We calculated the proportion of infections within households during pandemic years compared with non-pandemic years using a deterministic model of household transmission in which all combinations of household size and individual infection states were enumerated explicitly. We found that the proportion of infections that occur within households was only partially influenced by the hazard h of infection within household relative to the hazard of infection outside the household, especially for small basic reproductive numbers. During pandemics, the number of within-household infections was lower than one might expect for a given h because many of the susceptible individuals were infected from the community and the number of susceptible individuals within household was thus depleted rapidly. In addition, we found that for the value of h at which 30% of infections occur within households during non-pandemic years, a similar 31% of infections occur within households during pandemic years.

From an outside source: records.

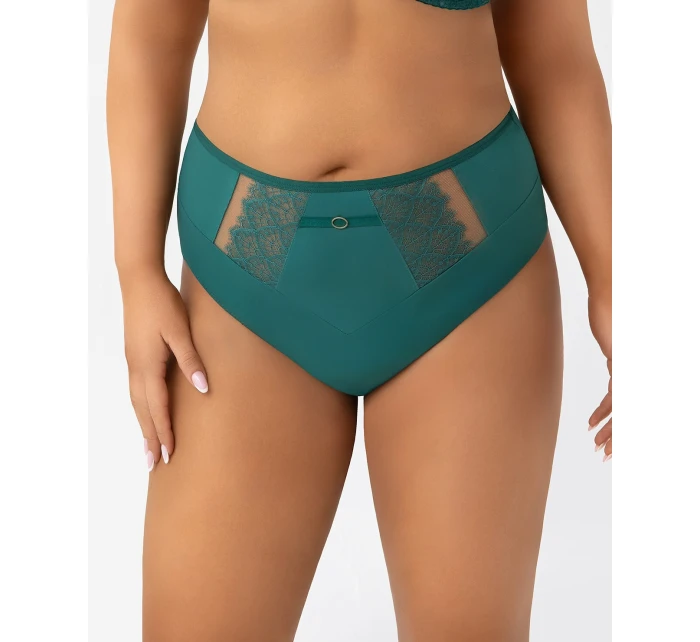 Zelené kalhotky M4XL model 21957706 - Gorsenia Zelené kalhotky M4XL model 21957706 - Gorsenia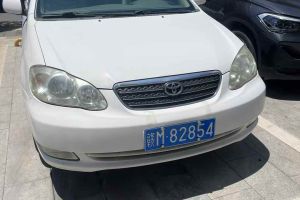花冠 豐田 1.6L 自動經(jīng)典版
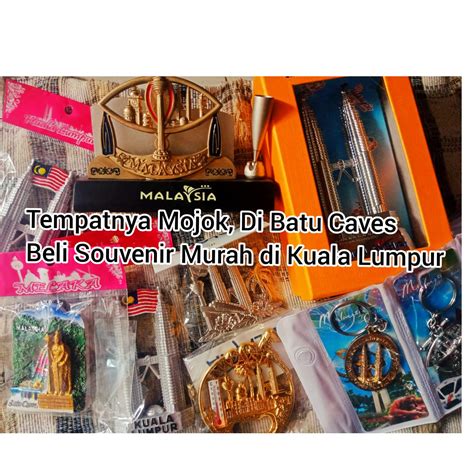 Tempatnya Mojok Di Batu Caves Belanja Souvenir Murah Kuala Lumpur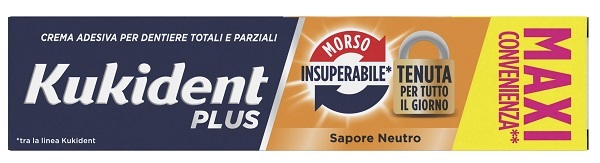 KUKIDENT PLUS MORSO INSUPERAB - Farmacia Dott. Pasquale Russo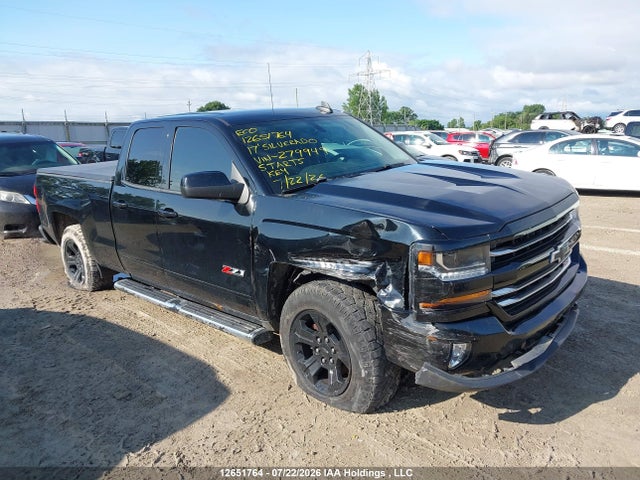 2017 Chevrolet Silverado 1500 Lt მანქანა იყიდება აუქციონზე, vin: 1GCVKREC2HZ279949, აუქციონის ნომერი: 12651764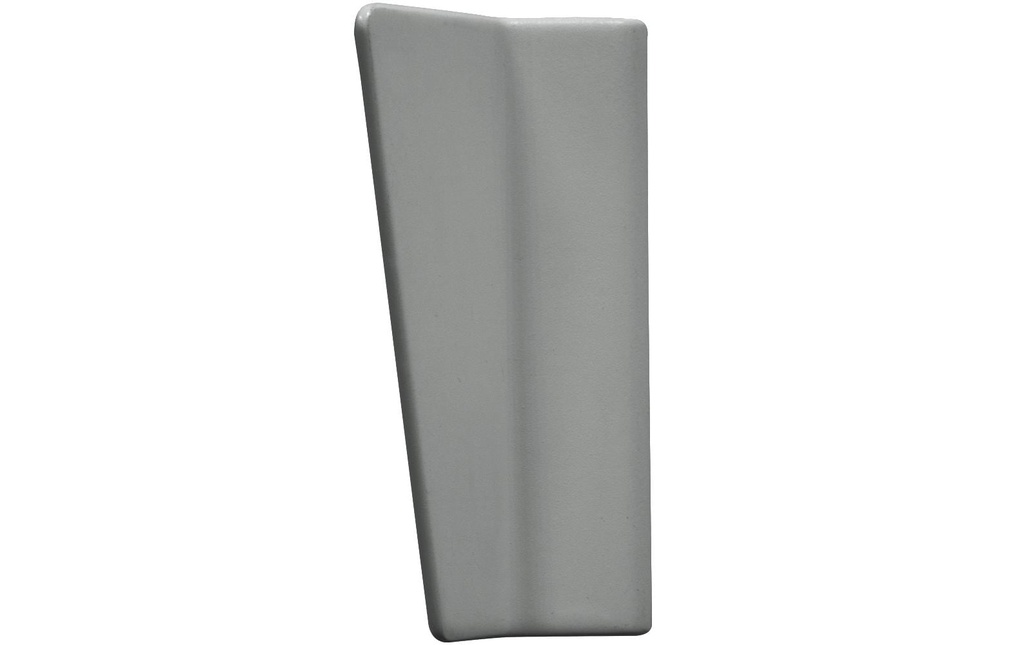 spirella Crochets pour rideau de douche Fixation murale, Gris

The key epidemiological difference between pandemic and seasonal influenza is that the population is largely susceptible during a pandemic, whereas, during non-pandemic seasons a level of immunity exists. The population-level efficacy of household-based mitigation strategies depends on the proportion of infections that occur within households. In general, mitigation measures such as isolation and quarantine are more effective at the population level if the proportion of household transmission is low.
We suggest that a trade off between the community force of infection and the number of susceptible individuals in a household explains an apparent invariance in the proportion of infections that occur in households in our model. During a pandemic, although there are more susceptible individuals in a household, the community force of infection is very high. However, during non-pandemic years, the force of infection is much lower but there are fewer susceptible individuals within the household.